Contrary to expectation, Carl Casper (Favreau) does not lose weight or earn millions of his own; instead he maxes out credit cards and gets all his boosts from friends, but he’ll happily live out his dreams anyway, because if you’re smart enough to figure out how to love your brilliant/adorable son (Emjay Anthony) and super hot ex-wife (Sofia Vergara) you should be smart enough to see you have it all. Carl's hard headedness makes it fun to watch him suffer indignities; taking a used taco truck from his ex-wife’s first husband (Robert Downey Jr.) is satisfyingly slimy. Unlike the indie films that trade on their artfulness, this scrubby little celeb-fest is selling warm fuzzies and food comas, but it wants you to remember your family is your rock and not your anchor. It's flexible about a lot of points, but on that point it won't compromise.

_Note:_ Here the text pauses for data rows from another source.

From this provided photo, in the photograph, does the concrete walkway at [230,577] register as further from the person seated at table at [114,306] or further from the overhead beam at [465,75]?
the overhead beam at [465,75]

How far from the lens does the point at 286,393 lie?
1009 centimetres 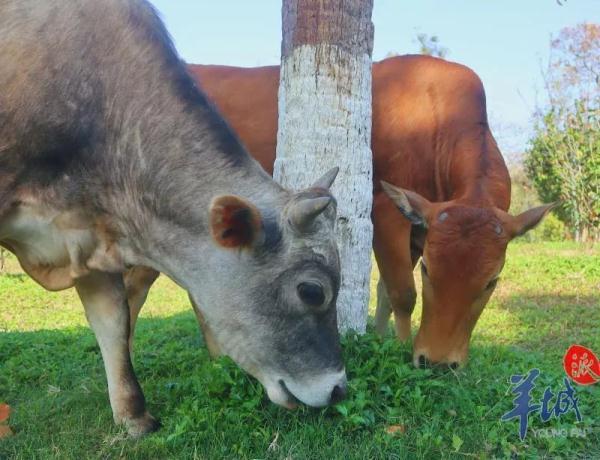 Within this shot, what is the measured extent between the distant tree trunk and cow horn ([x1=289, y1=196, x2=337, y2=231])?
1060 millimetres

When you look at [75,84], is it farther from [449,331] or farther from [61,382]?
[449,331]

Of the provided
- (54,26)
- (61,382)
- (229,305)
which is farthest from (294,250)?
(61,382)

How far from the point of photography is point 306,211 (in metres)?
3.28

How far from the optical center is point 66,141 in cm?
362

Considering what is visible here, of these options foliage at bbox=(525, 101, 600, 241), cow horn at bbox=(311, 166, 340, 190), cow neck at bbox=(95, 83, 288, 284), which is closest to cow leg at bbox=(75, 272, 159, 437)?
cow neck at bbox=(95, 83, 288, 284)

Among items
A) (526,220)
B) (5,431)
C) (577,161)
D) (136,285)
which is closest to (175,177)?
(5,431)

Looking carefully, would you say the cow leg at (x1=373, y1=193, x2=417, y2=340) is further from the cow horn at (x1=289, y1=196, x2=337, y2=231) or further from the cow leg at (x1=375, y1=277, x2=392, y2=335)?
the cow horn at (x1=289, y1=196, x2=337, y2=231)

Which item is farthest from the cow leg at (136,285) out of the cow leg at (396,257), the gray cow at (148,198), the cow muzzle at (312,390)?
the cow muzzle at (312,390)

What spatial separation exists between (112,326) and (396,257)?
2393 millimetres

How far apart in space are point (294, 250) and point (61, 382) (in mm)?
2361

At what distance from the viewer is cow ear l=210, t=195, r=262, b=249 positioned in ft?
10.8

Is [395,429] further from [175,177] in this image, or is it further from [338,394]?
[175,177]

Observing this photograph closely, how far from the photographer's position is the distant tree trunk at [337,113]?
14.2ft

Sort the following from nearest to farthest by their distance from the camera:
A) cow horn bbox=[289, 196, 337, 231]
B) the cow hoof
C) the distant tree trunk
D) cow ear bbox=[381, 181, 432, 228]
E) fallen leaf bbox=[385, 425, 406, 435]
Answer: cow horn bbox=[289, 196, 337, 231], fallen leaf bbox=[385, 425, 406, 435], the cow hoof, the distant tree trunk, cow ear bbox=[381, 181, 432, 228] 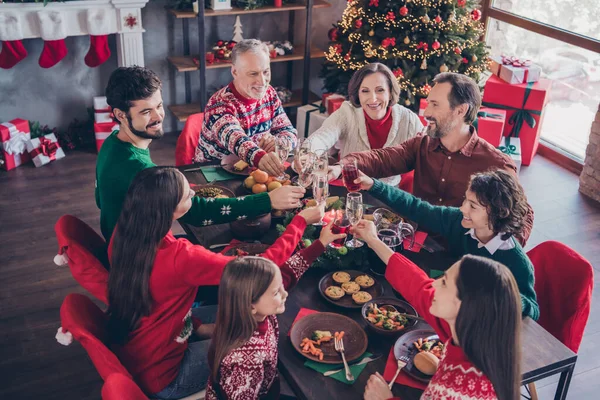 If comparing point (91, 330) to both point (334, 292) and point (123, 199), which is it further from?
point (334, 292)

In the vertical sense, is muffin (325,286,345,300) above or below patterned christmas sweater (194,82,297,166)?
below

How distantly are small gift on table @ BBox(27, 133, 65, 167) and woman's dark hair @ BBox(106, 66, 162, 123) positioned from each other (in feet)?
8.76

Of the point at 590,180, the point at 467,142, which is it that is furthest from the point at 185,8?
the point at 590,180

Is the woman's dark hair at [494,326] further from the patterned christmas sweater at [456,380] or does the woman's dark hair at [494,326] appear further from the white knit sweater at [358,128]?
the white knit sweater at [358,128]

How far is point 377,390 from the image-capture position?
1.65 m

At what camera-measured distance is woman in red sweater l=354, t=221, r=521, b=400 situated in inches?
58.3

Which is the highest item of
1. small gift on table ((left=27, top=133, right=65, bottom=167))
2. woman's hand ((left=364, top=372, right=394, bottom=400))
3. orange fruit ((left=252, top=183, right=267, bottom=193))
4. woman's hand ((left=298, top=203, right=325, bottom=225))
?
woman's hand ((left=298, top=203, right=325, bottom=225))

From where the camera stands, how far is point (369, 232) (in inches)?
83.5

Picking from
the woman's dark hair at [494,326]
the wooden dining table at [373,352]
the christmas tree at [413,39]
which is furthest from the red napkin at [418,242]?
the christmas tree at [413,39]

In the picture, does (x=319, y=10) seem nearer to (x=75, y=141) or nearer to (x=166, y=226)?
(x=75, y=141)

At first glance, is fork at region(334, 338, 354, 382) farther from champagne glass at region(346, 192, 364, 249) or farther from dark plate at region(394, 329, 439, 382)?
champagne glass at region(346, 192, 364, 249)

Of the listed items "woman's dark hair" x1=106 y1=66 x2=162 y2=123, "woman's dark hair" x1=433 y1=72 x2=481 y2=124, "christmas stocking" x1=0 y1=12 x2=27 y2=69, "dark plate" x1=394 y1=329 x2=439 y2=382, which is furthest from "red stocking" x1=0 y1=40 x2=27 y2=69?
"dark plate" x1=394 y1=329 x2=439 y2=382

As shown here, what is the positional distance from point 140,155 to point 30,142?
2799 mm

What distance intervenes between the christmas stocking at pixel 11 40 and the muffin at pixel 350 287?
3392 mm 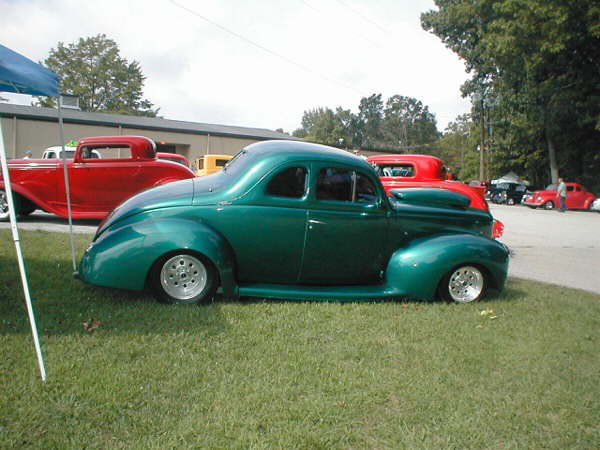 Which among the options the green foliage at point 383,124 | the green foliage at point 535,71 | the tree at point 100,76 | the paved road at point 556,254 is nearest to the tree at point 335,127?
the green foliage at point 383,124

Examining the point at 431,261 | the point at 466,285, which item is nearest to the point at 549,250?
the point at 466,285

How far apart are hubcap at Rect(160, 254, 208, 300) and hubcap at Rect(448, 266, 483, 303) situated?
2784 millimetres

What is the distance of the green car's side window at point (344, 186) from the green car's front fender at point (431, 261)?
28.8 inches

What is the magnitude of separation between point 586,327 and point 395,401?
2.89 m

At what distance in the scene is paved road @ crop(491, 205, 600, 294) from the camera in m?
7.35

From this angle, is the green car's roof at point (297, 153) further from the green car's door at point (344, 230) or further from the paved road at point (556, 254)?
the paved road at point (556, 254)

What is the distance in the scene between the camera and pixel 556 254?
384 inches

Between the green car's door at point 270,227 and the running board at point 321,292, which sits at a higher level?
the green car's door at point 270,227

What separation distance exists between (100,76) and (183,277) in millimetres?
57000

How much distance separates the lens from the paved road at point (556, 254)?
289 inches

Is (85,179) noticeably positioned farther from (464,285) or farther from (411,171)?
(464,285)

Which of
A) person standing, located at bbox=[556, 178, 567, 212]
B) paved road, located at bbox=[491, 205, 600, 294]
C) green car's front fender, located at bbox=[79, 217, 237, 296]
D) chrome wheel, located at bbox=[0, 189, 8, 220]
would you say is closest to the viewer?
green car's front fender, located at bbox=[79, 217, 237, 296]

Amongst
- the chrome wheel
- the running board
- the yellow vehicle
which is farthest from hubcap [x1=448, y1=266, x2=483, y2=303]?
the yellow vehicle

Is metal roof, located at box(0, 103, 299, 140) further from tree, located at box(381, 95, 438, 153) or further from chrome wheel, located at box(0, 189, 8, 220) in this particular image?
tree, located at box(381, 95, 438, 153) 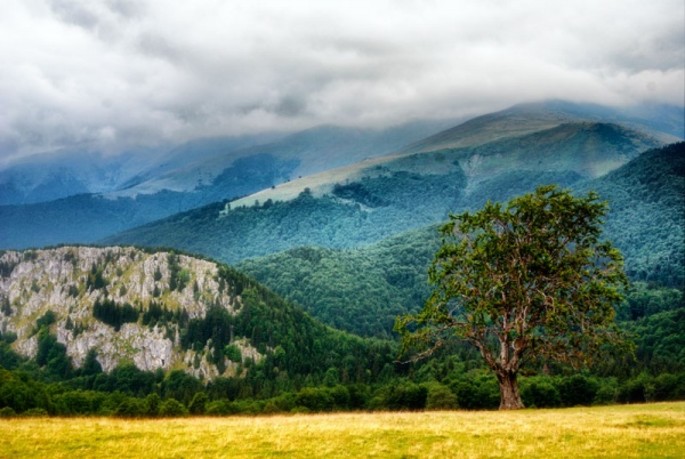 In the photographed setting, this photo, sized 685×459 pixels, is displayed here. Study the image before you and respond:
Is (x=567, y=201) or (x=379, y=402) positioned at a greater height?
(x=567, y=201)

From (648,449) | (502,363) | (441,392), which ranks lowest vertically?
(441,392)

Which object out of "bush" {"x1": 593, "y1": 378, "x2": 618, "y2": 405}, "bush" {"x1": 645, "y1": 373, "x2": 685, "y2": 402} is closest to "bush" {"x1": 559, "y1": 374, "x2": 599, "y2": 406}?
"bush" {"x1": 593, "y1": 378, "x2": 618, "y2": 405}

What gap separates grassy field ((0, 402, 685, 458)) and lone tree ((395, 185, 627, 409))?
764 inches

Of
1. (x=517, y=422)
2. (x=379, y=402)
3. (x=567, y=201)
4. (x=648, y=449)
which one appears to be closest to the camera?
(x=648, y=449)

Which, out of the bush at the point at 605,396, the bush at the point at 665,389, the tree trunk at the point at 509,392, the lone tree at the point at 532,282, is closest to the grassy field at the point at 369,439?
the lone tree at the point at 532,282

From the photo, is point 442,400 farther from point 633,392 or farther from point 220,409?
point 633,392

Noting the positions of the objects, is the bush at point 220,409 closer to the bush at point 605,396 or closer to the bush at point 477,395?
the bush at point 477,395

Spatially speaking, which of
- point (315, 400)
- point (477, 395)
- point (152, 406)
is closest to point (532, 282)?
point (477, 395)

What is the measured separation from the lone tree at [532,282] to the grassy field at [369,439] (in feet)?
63.7

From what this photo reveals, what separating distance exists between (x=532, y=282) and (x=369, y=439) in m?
36.2

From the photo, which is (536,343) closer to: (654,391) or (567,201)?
(567,201)

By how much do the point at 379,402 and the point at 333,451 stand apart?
11069 centimetres

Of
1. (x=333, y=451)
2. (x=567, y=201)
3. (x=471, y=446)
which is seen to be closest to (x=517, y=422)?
(x=471, y=446)

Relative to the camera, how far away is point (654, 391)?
124 m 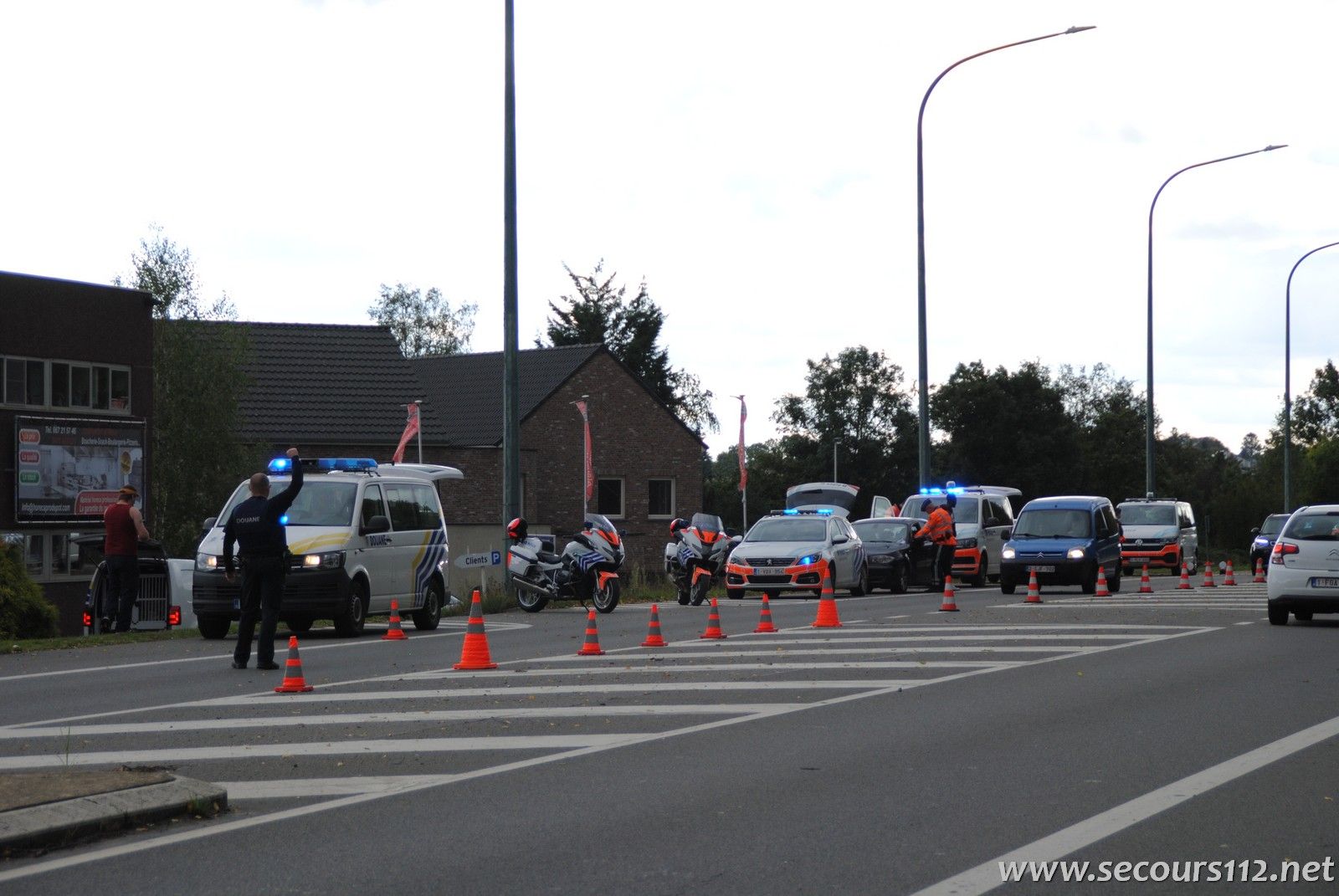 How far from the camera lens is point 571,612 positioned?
24094 mm

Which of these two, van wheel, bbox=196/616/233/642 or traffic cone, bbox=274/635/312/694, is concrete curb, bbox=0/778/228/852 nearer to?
traffic cone, bbox=274/635/312/694

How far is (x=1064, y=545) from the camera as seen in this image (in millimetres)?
29719

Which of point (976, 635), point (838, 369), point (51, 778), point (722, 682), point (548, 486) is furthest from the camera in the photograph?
point (838, 369)

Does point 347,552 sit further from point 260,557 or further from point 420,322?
point 420,322

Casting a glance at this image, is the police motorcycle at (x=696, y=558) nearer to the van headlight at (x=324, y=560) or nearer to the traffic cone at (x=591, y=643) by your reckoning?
the van headlight at (x=324, y=560)

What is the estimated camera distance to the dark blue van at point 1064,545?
2958 cm

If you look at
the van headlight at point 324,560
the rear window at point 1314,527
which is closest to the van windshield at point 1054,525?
the rear window at point 1314,527

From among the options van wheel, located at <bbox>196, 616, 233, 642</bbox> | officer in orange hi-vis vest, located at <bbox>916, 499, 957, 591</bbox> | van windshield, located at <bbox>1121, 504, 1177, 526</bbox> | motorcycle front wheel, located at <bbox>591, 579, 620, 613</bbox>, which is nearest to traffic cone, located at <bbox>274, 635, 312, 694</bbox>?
van wheel, located at <bbox>196, 616, 233, 642</bbox>

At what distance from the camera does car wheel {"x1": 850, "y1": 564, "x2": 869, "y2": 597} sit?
1169 inches

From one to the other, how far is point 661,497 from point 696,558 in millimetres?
33008

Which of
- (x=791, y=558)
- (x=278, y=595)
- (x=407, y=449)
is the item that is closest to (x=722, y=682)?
(x=278, y=595)

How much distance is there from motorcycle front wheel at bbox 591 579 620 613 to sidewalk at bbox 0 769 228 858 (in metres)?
15.5

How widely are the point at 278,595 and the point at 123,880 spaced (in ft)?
28.5

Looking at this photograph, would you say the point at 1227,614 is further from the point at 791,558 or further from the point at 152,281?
the point at 152,281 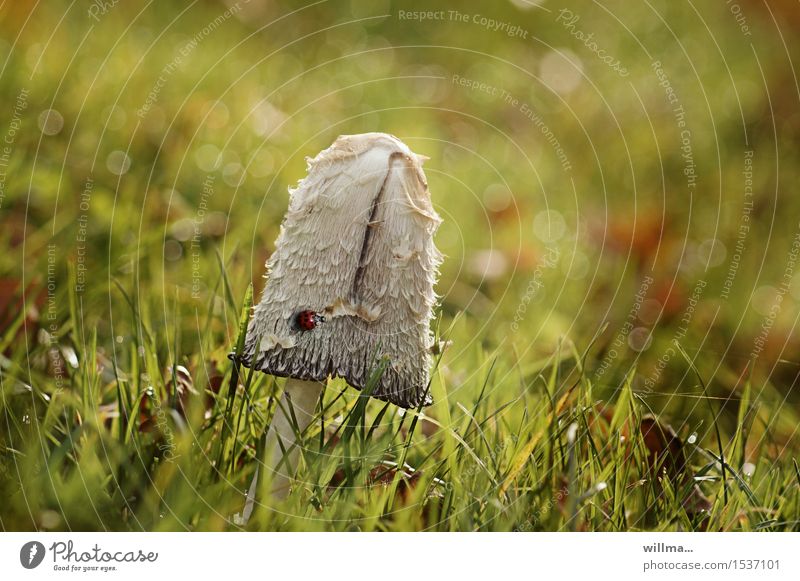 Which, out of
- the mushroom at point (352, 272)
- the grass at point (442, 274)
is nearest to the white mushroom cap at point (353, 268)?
the mushroom at point (352, 272)

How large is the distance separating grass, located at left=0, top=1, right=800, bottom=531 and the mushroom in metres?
0.12

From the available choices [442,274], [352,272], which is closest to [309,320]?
[352,272]

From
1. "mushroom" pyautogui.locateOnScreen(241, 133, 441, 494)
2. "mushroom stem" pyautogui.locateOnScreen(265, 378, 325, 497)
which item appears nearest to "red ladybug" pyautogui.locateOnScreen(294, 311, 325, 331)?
"mushroom" pyautogui.locateOnScreen(241, 133, 441, 494)

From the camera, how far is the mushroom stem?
154 cm

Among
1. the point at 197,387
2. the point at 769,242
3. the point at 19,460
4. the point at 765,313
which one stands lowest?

Surprisingly, Chef reminded me a lot of the Sex in the City movie. As Sarah Jessica Parker’s Carrie finally stared down her dream wedding and it imploded, her loved ones stopped their lives to help her escape her “MexiComa.” (The best line in that film was Samantha’s retort—Kim Cattrall isn’t in enough.) Carl, like Carrie, is resistant to the self-lessness of his supporters. It only makes sense that a man whose talent is cooking should have some skills to rally loved ones, but one becomes aware of how fleeting and thorny the possibility of human engagement is when your life-plan is in a state of regular peril. Carrie Bradshaw was a writer—her peril was always in process—Chef is no different in this, he’s a craftsman on who’s shoulders the show rides and no one really wants to give him the floor unless he promises to carry their agenda in with him. Ultimately, Carl’s success is immediate and temporary—he creates a sensation via food truck and social media—it’s a beginning and he’s jumping without a fiscal net. How equally American and ephemeral.

Instead of throwing money at young women or fast cars, this midlife crisis is paved with BBQ brisket, Cubano sandwiches and the comforting promise that if you live like you love balance comes naturally. Yeah, Chef is a critic-proof, for more reasons than the food.